Помню удивление и радость, которые я испытал, когда появились так называемые
городские романы Трифонова. И тогда наивно думал: как их могла пропустить
цензура?
Но вместе с тем я слышал разговоры среди нашей интеллигенции: мол, у Трифонова
все-таки не вся правда и поэтому его романы публикуются. Меня поражали
неблагодарность этих людей и принципиально неправильный взгляд на природу
художественного произведения.
Во-первых, всю правду, если кто-нибудь знает, то только Бог. Во-вторых,
истинно художественное произведение, давая правдивую картину сравнительно
небольшого среза жизни, независимо от воли художника, дает читателю представление
о всей жизни. Образно говоря, если при диктатуре психологически правдиво
написать жизнь уборщицы, то у читателя невольно возникает понимание жизни
самого диктатора. Мера грусти в романах Трифонова так велика, что намного
превосходит меру неблагополучия его героев, и этот избыток грусти поневоле
растекается и охватывает судьбу всей страны.
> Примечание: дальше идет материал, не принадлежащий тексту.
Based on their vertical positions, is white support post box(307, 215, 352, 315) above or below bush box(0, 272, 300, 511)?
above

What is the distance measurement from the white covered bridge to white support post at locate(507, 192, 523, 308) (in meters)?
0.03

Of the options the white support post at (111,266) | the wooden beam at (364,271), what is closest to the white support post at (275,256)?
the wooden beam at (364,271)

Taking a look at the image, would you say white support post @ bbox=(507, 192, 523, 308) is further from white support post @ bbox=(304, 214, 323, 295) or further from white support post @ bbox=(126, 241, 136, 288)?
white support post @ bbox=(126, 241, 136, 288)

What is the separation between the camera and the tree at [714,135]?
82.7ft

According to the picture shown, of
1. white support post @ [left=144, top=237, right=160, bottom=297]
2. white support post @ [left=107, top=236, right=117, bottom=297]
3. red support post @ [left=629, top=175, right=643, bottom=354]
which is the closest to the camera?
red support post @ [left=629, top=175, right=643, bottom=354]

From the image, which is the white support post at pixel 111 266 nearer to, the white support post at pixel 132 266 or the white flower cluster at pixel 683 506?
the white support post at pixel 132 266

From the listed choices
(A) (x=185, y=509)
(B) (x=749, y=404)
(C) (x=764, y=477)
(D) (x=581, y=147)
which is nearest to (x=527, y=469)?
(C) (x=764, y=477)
Но надо при этом иметь в виду, что диктатура к тому времени была ослаблена
и было дозволено право на грусть по частному поводу. Но цензура не учла,
что всякий серьезный частный повод — неизменно часть универсального повода,
что хорошо чувствовал читатель.
Метафорические способы обмана цензуры находили Зощенко, Мандельштам и
другие писатели. Но свободен ли писатель, который в свою художественную
задачу включает обман цензуры? Я бы сказал — особенно свободен. Художественное
произведение всегда и обязательно включает в себя элемент игры. Обман
цензуры — смертельно опасное усиление элемента игры. Печальная и героическая
судьба этих и подобных им писателей общеизвестна. Красный бык, если не
разумом, то инстинктом, в конце концов находил своего противника.
Что же делается в сегодняшней бесцензурной литературе? Человек с психологией
колхозника не может стать настоящим фермером. Психология колхозника —
безответственность. Подразумевается, что всю ответственность берет на
себя председатель колхоза. Настоящий фермер — это человек, взявший на
себя и только на себя всю ответственность за свое хозяйство. Без этой
полноты чувства ответственности вчерашний колхозник, став фермером, превращается
в полного люмпена. Над ним нет внешней ответственности, а внутреннюю ответственность
он не чувствует.
Нечто похожее наблюдается в современной литературе: крой, Ванька, цензуры
нет!
Это особенно чувствуется в журналистике, на телевидении и, к сожалению,
в литературе.
Худшая черта лучших новых писателей — это главный недостаток литературы
двадцатого века — отсутствие мысли заменяется декадентским красноречием.
Но никакое красноречие не может заменить отсутствие мысли. Есть еще более
нетерпимые недостатки новейшей литературы. Это равнодушие к вопросам добра
и зла и какое-то бравурное пренебрежение психологической правдой, якобы
означающее создание более сложного человека нашего времени, который не
укладывается в рамки определенной психологии. На самом деле это примитивность,
отсутствие психического слуха у самого автора. Есть замечательное предупреждение
Льва Толстого: в литературе можно придумать все, кроме психологии человека.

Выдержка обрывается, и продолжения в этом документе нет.